The fields of Mato Grosso are 2,000km from the main soyabean port at Paranaguá,
which cannot take the largest, most modern ships. So Brazil transports a
relatively low-value commodity using the most expensive means, lorries, which
are then forced to wait for ages because the docks are clogged. Partly for that reason, Brazil is not the cheapest place in
the world to grow soyabeans (Argentina is, followed by the American Midwest).
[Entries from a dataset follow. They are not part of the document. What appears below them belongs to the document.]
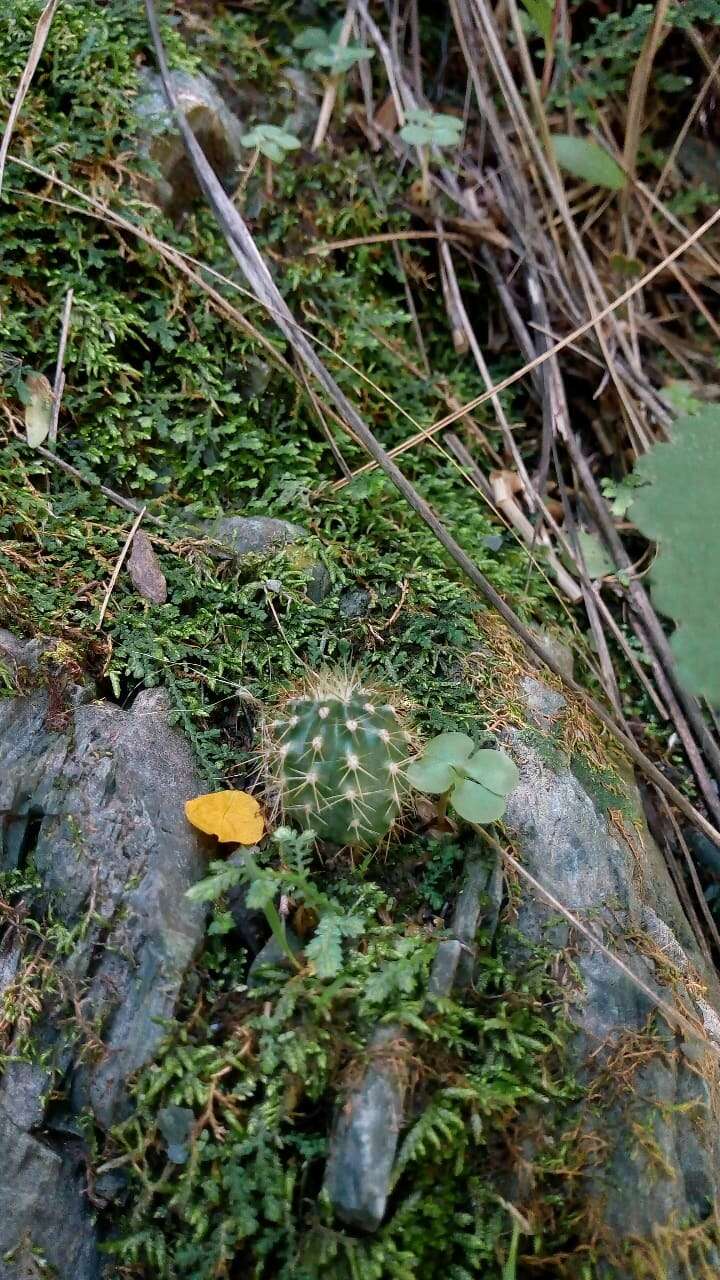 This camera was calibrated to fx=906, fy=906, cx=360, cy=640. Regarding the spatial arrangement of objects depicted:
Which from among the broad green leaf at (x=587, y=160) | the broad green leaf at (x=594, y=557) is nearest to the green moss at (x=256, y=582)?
the broad green leaf at (x=594, y=557)

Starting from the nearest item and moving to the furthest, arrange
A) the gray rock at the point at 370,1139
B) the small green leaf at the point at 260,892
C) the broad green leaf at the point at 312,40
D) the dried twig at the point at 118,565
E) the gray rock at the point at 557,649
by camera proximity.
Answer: the gray rock at the point at 370,1139 < the small green leaf at the point at 260,892 < the dried twig at the point at 118,565 < the gray rock at the point at 557,649 < the broad green leaf at the point at 312,40

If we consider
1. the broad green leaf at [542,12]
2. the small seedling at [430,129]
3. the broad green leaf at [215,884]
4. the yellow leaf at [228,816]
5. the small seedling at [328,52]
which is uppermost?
the broad green leaf at [542,12]

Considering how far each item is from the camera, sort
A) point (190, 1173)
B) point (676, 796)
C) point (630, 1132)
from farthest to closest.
Answer: 1. point (676, 796)
2. point (630, 1132)
3. point (190, 1173)

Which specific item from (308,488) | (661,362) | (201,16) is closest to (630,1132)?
(308,488)

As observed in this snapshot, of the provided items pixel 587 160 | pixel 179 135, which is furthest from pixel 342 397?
pixel 587 160

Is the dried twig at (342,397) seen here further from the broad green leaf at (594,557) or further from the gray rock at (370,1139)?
the gray rock at (370,1139)

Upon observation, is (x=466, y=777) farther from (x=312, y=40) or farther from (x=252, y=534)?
(x=312, y=40)

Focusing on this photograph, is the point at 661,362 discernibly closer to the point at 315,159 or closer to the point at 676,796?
the point at 315,159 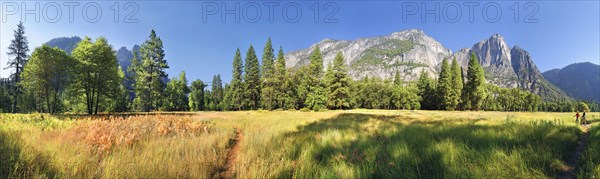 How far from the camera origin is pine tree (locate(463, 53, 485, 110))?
51375 mm

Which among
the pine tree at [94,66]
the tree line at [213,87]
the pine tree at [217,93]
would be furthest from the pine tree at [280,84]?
the pine tree at [217,93]

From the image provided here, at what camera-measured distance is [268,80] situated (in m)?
48.4

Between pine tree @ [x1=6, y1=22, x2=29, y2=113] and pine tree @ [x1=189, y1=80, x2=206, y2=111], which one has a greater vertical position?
pine tree @ [x1=6, y1=22, x2=29, y2=113]

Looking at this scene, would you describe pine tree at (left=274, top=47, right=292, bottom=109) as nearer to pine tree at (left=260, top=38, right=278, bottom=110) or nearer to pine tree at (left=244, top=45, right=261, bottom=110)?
pine tree at (left=260, top=38, right=278, bottom=110)

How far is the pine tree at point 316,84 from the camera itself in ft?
143

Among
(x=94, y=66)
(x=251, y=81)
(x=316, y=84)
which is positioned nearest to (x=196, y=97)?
(x=251, y=81)

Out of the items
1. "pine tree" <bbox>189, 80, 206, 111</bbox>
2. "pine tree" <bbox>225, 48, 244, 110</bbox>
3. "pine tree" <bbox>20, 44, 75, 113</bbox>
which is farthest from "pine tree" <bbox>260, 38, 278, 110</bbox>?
"pine tree" <bbox>189, 80, 206, 111</bbox>

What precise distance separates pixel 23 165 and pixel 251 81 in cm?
4825

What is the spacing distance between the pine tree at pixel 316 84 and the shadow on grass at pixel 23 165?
38.3 meters

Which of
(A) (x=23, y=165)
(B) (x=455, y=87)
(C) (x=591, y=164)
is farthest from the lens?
(B) (x=455, y=87)

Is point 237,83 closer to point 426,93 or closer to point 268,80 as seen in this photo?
point 268,80

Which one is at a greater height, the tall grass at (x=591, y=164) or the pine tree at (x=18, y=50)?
the pine tree at (x=18, y=50)

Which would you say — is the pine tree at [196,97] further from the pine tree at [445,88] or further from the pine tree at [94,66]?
the pine tree at [445,88]

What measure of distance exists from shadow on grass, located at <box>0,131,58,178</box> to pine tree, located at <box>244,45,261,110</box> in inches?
1871
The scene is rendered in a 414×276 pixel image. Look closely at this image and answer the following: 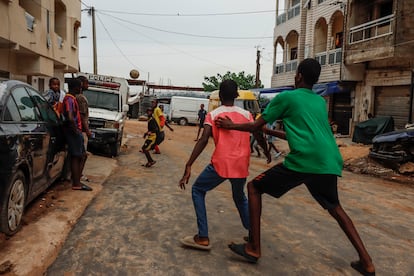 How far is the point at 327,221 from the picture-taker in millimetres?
5141

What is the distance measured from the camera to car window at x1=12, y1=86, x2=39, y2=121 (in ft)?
14.8

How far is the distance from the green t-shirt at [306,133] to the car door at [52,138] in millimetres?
3194

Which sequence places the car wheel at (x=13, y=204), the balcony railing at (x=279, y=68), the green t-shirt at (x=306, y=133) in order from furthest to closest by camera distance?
1. the balcony railing at (x=279, y=68)
2. the car wheel at (x=13, y=204)
3. the green t-shirt at (x=306, y=133)

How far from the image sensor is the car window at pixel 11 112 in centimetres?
399

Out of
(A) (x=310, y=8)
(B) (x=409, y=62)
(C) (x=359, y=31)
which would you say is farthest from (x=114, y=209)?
(A) (x=310, y=8)

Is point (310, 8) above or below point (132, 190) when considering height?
above

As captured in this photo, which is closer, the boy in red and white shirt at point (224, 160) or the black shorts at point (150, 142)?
the boy in red and white shirt at point (224, 160)

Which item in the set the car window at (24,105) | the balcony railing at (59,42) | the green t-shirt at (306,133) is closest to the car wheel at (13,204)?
the car window at (24,105)

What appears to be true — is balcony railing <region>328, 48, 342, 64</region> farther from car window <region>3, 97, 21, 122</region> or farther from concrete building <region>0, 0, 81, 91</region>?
car window <region>3, 97, 21, 122</region>

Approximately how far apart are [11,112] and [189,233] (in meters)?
2.27

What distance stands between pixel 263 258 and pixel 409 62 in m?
15.6

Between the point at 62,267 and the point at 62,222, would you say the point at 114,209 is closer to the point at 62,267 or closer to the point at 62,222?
the point at 62,222

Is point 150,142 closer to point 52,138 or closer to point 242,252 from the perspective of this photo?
point 52,138

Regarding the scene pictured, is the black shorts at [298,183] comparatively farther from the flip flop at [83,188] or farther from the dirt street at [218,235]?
the flip flop at [83,188] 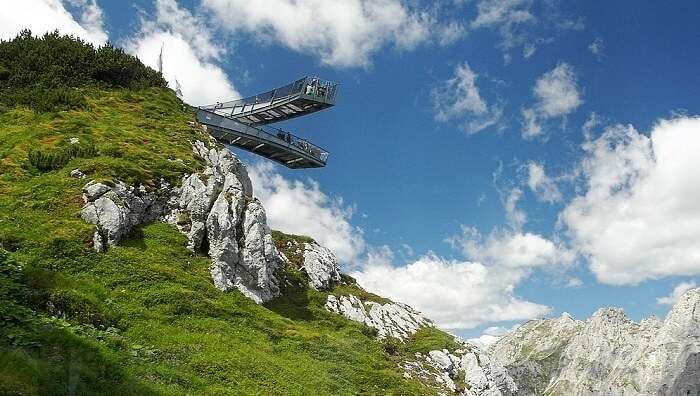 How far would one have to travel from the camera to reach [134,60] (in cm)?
6275

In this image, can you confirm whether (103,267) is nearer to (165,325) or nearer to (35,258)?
(35,258)

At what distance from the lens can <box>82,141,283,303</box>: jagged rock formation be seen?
34344 millimetres

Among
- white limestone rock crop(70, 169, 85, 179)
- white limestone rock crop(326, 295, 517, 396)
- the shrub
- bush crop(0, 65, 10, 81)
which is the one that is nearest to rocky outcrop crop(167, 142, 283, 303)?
white limestone rock crop(70, 169, 85, 179)

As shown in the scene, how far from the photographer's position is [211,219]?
39938 millimetres

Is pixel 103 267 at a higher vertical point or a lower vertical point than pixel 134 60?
lower

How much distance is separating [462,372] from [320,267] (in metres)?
17.6

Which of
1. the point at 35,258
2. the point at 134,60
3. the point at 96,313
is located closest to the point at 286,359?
the point at 96,313

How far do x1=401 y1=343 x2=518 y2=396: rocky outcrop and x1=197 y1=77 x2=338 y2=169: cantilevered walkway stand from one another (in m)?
37.7

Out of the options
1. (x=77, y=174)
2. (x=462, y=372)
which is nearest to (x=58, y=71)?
(x=77, y=174)

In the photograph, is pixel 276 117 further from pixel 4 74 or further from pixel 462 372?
pixel 462 372

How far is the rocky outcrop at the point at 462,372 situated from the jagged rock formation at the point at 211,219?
14.8 metres

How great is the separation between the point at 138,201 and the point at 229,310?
39.5 feet

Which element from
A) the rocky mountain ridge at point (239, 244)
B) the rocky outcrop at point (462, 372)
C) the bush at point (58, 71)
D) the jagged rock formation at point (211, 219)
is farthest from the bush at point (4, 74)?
the rocky outcrop at point (462, 372)

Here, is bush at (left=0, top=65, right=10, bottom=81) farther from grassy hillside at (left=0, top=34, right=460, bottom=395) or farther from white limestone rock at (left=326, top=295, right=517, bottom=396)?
white limestone rock at (left=326, top=295, right=517, bottom=396) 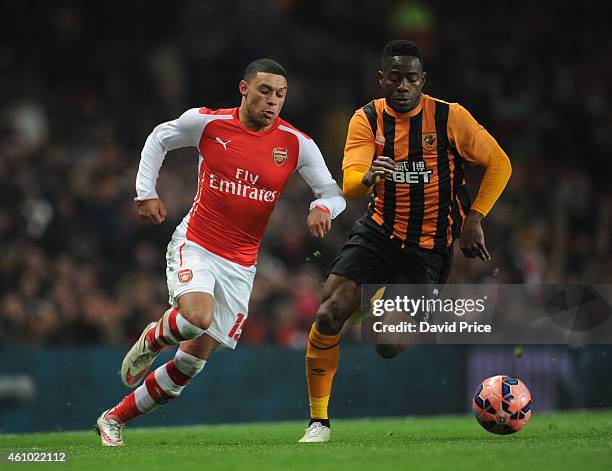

But it is the cheapest place to plant the next acre. Expanding production in
Argentina or America takes you into drier marginal lands which are much more
expensive to farm. Expanding in Brazil, in contrast, takes you onto lands
pretty much like the ones you just left.
Could they be
taken back and improved again? Embrapa has started to do that, though it is
early days and so far it is unclear whether the technology retransfer will
work. A third reason for hope is that Embrapa has expertise which
others in Africa simply do not have. It has research stations for cassava and
sorghum, which are African staples. It also has experience not just in the cerrado but
in more arid regions (called the sertão), in jungles and in the vast
wetlands on the border with Paraguay and Bolivia. Africa also needs to make
better use of similar lands. “Scientifically, it is not difficult to transfer
the technology,” reckons Dr Crestana. And the technology transfer is happening
at a time when African economies are starting to grow and massive Chinese aid
is starting to improve the continent's famously dire transport system. Still, a word of caution is in order. Brazil's agricultural
miracle did not happen through a simple technological fix. No magic bullet
accounts for it—not even the tropical soyabean, which comes closest. Rather,
Embrapa's was a “system approach”, as its scientists call it: all the
interventions worked together. Improving the soil and the new tropical
soyabeans were both needed for farming the cerrado; the two together
also made possible the changes in farm techniques which have boosted yields
further. Systems are much harder to export than a simple fix. “We
went to the US and brought back the whole package [of cutting-edge agriculture
in the 1970s],” says Dr Crestana. “That didn't work and it took us 30 years to
create our own. Perhaps Africans will come to Brazil and take back the package
from us. Africa is changing. Perhaps it won't take them so long. We'll see.” If
we see anything like what happened in Brazil itself, feeding the world in 2050
will not look like the uphill struggle it appears to be now.